We will round it to a rational measure of thumb/20=1mm. (Remark: This is apparently the standard minimal measure called “the thickness of a golden denarius”).  Notice that the left hand side of (8.1) gives the volume of a cane with radius 1 measured from the center of its thickness. If, for example, we would measure the radius r=1 from 1/3 of the thickness, then the volume of the handle with d=0.1 will be

 

(8.2)  4π((1+2d/3)²-(1-d/3)²)=2.555…

 

almost the requested one. (We get even better approximation for density 19.32). The exact form of attachment of the handle to the lamp requires additional deliberations. On fig. 2 we presented a simplified picture of the attachment in a case of a flat handle.

 

9. The side branches and legs

 

   Now with all fixtures set, we will return to the issue of the form of the branches. Our simplified solution of straight branches was not exact because of the leftovers, as was mentioned at the end of Ch. 3. Since there are two conflicting opinions, of straight and of round branches, we suggest a compromise: let the branches be parabolas! With x being horizontal coordinate measured from the axis of the Menorah and z –the vertical coordinate measured from the bottom of the Menorah, the equation of the central line of a side branch is

 

(9.1) z=z_i+a_ix², where z₁=72, z₂=88, z₃=104.

 

The coefficients a_i are found from conditions

 

(9.2) z_i+a_ix_i²=144, where x₁=48, x₂=32, x₃=16.

 

The length of a parabola 

 

(9.3) l_i=∫ √(1+4a_i²x²) dx,    0≤x≤x_i

 

is given by the formula

 

(9.4) l_i=[t√(1+t²) +ln(t+√(1+t²)]/4/a_i , where t=2a_ix_i .

 

At each point of a parabola, we build the dodecagon with center at this point and perpendicular to the tangent to the parabola (the normal to the parabola will be one of the axis of the dodecagon). The branch is defined as the set of such dodecagons. It is easy to see that the volume of the branch is equal the length of the parabola times the area of cross-section 3 cm². From this volume we should subtract the part of the branch that is common with the bulb. In the first approximation we consider the side branch as a horizontal cylinder of radius r=√(3/p). The corresponding volume is given by the integral

 

(9.5) I=∫∫ a(1-y²/a²-z²/b²)^1/2dzdy,    y²+z²≤r²,

 

where a and b are defined in (4.5).
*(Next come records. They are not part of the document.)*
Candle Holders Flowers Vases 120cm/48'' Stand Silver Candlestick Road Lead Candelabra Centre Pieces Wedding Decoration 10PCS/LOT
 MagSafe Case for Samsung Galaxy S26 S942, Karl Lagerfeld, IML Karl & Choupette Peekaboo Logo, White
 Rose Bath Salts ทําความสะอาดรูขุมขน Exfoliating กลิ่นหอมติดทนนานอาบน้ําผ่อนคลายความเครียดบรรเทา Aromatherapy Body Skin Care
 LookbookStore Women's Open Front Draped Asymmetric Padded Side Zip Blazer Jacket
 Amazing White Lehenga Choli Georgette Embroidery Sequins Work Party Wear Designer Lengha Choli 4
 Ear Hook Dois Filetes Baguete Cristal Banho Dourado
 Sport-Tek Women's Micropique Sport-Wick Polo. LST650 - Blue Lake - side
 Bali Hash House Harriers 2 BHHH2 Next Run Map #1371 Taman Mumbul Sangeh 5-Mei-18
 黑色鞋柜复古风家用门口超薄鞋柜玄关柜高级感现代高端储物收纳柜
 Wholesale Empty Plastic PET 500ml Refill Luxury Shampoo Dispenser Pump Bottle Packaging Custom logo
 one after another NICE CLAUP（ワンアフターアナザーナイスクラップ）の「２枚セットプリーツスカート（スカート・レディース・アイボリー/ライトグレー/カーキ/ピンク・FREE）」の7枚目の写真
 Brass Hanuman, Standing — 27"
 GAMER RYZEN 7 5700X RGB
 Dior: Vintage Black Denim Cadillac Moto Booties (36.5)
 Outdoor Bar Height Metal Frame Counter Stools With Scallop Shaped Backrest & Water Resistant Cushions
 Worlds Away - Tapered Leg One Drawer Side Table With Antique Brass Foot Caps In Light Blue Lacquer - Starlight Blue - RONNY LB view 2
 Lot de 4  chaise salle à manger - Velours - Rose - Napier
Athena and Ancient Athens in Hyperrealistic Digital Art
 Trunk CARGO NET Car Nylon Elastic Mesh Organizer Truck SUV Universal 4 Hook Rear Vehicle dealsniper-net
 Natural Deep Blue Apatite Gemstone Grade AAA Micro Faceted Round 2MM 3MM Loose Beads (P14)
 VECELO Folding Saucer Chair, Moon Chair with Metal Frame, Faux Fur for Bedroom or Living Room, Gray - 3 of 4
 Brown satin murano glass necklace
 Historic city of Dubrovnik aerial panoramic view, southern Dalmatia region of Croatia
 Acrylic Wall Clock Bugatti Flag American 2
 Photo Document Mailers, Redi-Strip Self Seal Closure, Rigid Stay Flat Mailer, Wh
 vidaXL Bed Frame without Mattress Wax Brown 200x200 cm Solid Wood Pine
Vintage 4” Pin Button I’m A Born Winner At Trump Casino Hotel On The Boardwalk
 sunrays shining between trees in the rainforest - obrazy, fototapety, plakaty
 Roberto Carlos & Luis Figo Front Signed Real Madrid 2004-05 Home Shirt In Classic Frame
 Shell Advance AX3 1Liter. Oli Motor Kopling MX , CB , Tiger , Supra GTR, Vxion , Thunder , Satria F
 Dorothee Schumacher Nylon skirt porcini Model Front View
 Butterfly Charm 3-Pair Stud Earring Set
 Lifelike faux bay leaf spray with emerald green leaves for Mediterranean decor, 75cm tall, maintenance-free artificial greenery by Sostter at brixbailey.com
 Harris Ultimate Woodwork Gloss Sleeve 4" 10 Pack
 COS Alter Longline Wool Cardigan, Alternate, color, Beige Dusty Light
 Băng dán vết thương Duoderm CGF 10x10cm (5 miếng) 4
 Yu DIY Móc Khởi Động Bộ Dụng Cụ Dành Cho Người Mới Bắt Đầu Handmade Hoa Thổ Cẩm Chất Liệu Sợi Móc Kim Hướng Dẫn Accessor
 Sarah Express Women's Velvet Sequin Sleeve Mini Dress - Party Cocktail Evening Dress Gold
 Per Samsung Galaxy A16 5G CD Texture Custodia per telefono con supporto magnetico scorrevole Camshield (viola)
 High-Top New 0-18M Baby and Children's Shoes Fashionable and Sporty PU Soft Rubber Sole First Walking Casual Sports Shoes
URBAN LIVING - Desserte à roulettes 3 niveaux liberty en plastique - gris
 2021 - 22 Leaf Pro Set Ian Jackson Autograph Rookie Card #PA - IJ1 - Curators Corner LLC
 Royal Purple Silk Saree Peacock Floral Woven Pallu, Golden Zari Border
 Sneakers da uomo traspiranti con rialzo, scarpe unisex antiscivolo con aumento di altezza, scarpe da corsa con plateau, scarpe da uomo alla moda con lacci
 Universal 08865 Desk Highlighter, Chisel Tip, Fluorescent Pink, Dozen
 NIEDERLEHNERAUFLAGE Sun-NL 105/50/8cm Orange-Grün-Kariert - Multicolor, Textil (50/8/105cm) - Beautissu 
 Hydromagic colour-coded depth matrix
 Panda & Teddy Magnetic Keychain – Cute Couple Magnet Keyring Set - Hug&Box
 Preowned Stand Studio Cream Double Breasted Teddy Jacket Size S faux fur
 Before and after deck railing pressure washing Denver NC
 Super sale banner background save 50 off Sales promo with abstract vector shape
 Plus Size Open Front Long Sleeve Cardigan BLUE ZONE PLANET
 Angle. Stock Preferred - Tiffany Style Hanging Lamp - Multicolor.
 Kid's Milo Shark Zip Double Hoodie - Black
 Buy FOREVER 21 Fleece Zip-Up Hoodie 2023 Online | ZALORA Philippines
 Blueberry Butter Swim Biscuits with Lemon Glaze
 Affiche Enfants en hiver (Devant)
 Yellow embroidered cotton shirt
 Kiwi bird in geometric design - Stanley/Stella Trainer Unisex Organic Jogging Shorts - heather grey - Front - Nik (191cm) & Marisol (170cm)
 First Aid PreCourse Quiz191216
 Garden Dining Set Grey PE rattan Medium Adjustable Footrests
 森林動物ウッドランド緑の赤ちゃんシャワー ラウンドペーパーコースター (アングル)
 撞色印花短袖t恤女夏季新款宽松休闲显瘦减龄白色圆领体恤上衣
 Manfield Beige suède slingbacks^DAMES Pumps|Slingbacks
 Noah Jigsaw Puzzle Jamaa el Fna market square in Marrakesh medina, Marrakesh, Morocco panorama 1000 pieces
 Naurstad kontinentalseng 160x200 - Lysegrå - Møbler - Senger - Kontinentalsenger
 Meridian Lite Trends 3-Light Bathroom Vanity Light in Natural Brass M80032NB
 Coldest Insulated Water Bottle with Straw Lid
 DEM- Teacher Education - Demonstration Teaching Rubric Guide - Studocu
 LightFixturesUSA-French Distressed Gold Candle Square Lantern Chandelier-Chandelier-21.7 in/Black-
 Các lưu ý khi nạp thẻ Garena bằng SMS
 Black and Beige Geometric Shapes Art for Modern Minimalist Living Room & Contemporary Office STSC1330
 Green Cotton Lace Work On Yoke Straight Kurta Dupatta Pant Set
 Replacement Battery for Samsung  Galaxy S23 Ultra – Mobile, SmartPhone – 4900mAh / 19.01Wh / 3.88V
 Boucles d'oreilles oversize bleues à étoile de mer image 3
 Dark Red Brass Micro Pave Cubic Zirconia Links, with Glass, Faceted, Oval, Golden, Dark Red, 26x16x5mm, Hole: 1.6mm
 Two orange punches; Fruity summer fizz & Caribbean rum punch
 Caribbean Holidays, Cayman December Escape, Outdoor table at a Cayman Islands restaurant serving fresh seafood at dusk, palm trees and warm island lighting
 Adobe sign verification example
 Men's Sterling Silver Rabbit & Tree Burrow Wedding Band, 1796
This integral is transformed into polar coordinates, integrated analytically with the respect to the radius and numerically with respect to the polar angle. Its value is 3.9807 cm³. In the second approximation, we add to it the difference between the actual length of the parabola (9.1) inside the bulb and the semi-axis a, multiplied by the area of the cross-section 3. To the leading order it is

 

(9.6) ΔI_i=2a³a_i² .

 

The legs require special attention. Recall that according to the Talmud “legs and the flower three palms”. Since the flower is above the legs and is half-palm high, the legs are 2.5 palms or 20 cm high! Since they are 2 cm thick, the central line of the leg starts at the height z₄=19. Its equation is

 

(9.7)   z=z₄+a₄x², where z=0 at x=16.

 

The length of this parabola l₄ is given by formula (9.4). As above, one should subtract from it the common volume of the leg and the central branch. Both are considered cylinders of radius r, the leg being horizontal. The corresponding volume is given by the integral

 

(9.8)  I₄=∫∫ (r²-y²)^1/2dzdy,    y²+z²≤r²

 

Its value is found analytically, I₄=8r³/3. As in (9.6), one should add to it

 

(9.9)  ΔI₄=2r³a₄² .

 

There is, however, mutual intersection of the legs outside the central branch. Again, for simplicity, we assume that the legs are horizontal cylinders of radius r with 120° angle between their axes. If we cut them by a horizontal plane z=z₄+h, we obtain three semi-infinite strips of width 2√(r²-h²). Their intersection could be split into three cusps shown of fig. 3. The area of the cusp ABC is approximated by the area of triangle EFC.  The height of it is √(4/3(r²-h²))-r and the top angle C=120^o. Thus, the said volume is given by the integral

 

(9.10) ΔV=3tan60°∫ (√(4/3(r²-h²))-r)²dh ,   -r/√3≤h≤ r/√3

               

              =12r³(7/6-2/27-2(π/4+sin(2α)/4-α/2)), α=arcos(1/√3)

 

               =0.064 cm³

 

The central branch starts at the height of 18 palms=144 cm and goes down till the point where the legs depart completely from the central branch. If the legs would be horizontal cylinders of radius r, this height would be 19-r. Since the legs are parabolic, the height becomes 19-r-a₄r². The length of the central branch is

 

(9.11) l₀=125+r+a₄r²

 

The total volume of the body of the Menorah is

 

(9.12) V_total=πr²(l₀+2l₁+2l₂+2l₃+3l₄)-6I-3I₄-2(ΔI₁+ ΔI₂+ ΔI₃)-3ΔI₄- ΔV.

 

We calculated it by computer (the program was later modified to apply to other forms of the Menorah as described in the following sections). V_total is 1793.38…cm³ and the corresponding weight in shekels is W_total=19.3/17.28V_total=2003.023 shekels. We have extra 3 shekels! It turns out that if we make the span of the bottom branches 48-0.75 cm instead of 48 cm, than the weight will be W_total=1999.987 shekels! But what is a justification for such a span? Recall that there are flowers at the top of the branches, of exterior diameter 7.5 cm. The total width of the Menorah will be

 

(9.13) 2(48-0.75) + 7.5=102 cm.

 

This number is exactly two cubits of the Temple!   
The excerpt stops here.